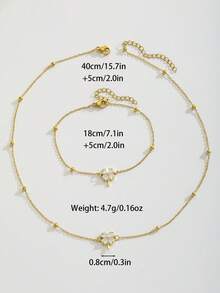2pcs Kids Jewelry Set Gold Rhinestone Four-Leaf Clover Necklace & Bracelet Shiny Pendant Chain Birthday Party Back To School Outfit Gift For Girls Boys - Gold - View 6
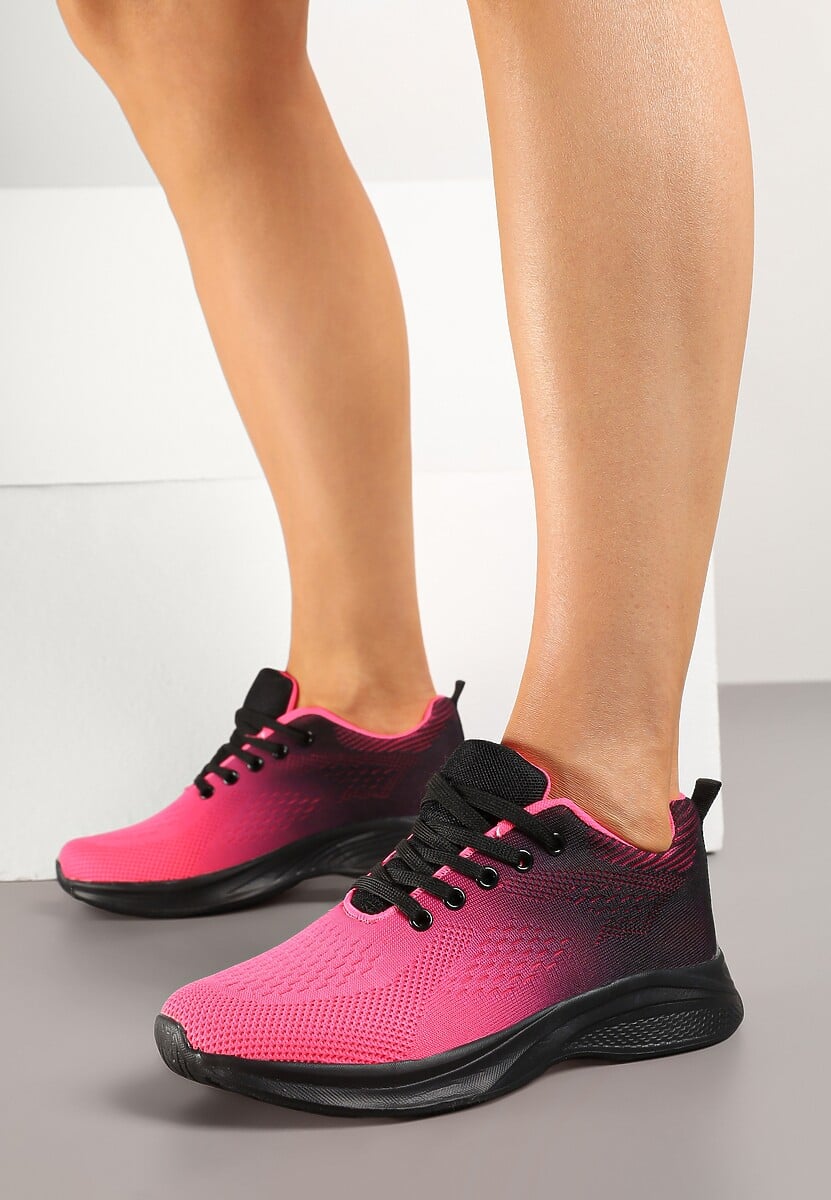 Czarno-Różowe Buty Sportowe Sneakersy z Miękką Cholewką w Stylu Ombre Alisaria 2
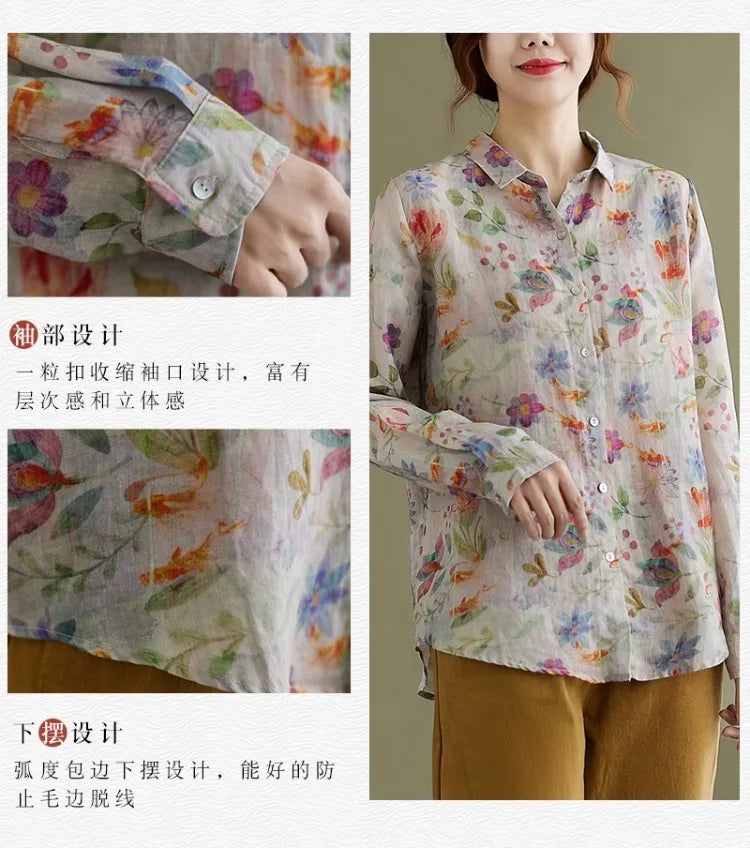 Women's Clothing Shirts Blouse Camisas Women Shirts Vintage Blusa Mujer Cotton Linen Casual Print Long Sleeve Flower Autumn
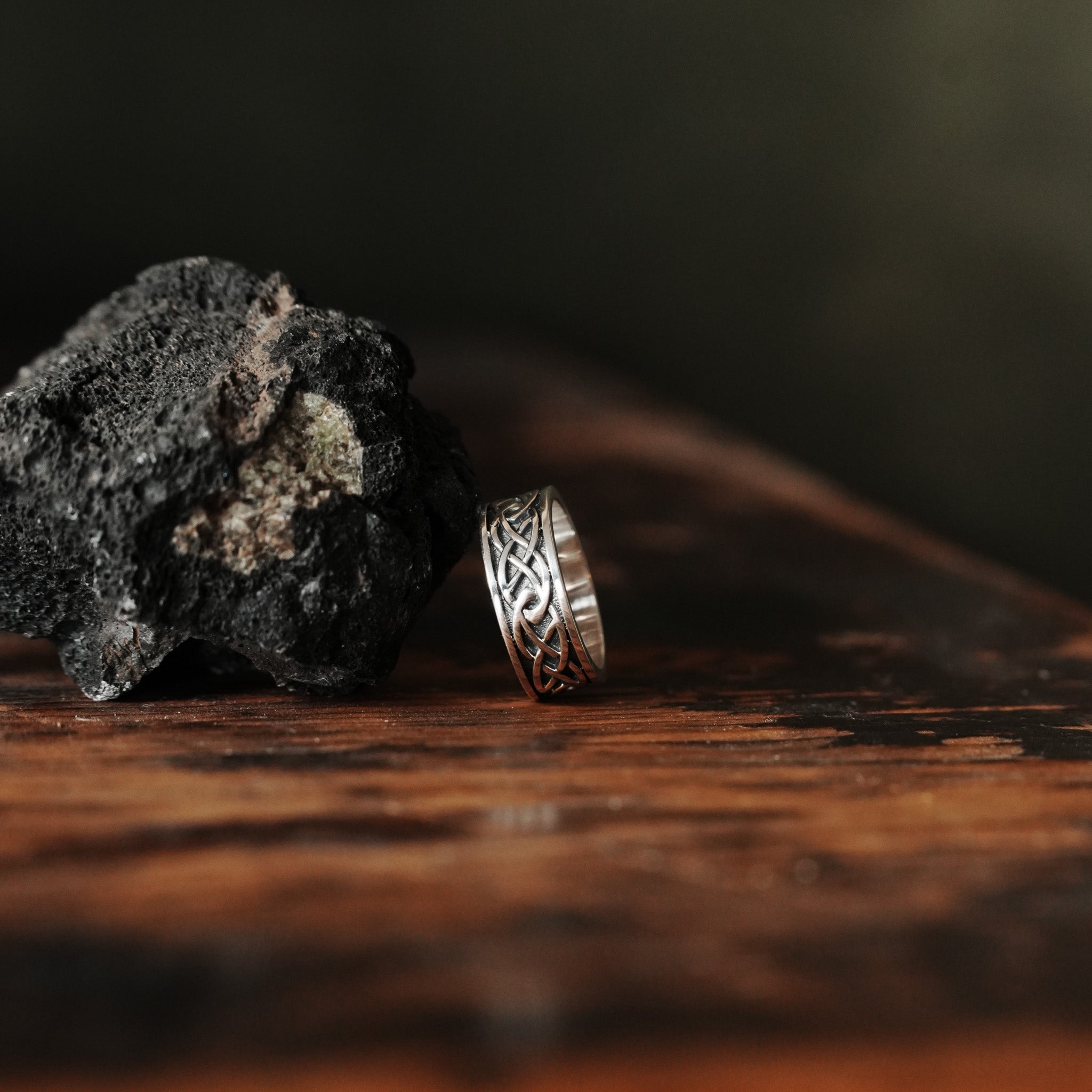 Ulican - Archibald Knox Celtic Knot work inspired Wide Ring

# # #

Each line from the one holding "Czarno-Różowe Buty Sportowe" through the end of the listing is to be output exactly, both ends included, with no other lines and the pictures left out.

 Czarno-Różowe Buty Sportowe Sneakersy z Miękką Cholewką w Stylu Ombre Alisaria 2
 Women's Clothing Shirts Blouse Camisas Women Shirts Vintage Blusa Mujer Cotton Linen Casual Print Long Sleeve Flower Autumn
 Ulican - Archibald Knox Celtic Knot work inspired Wide Ring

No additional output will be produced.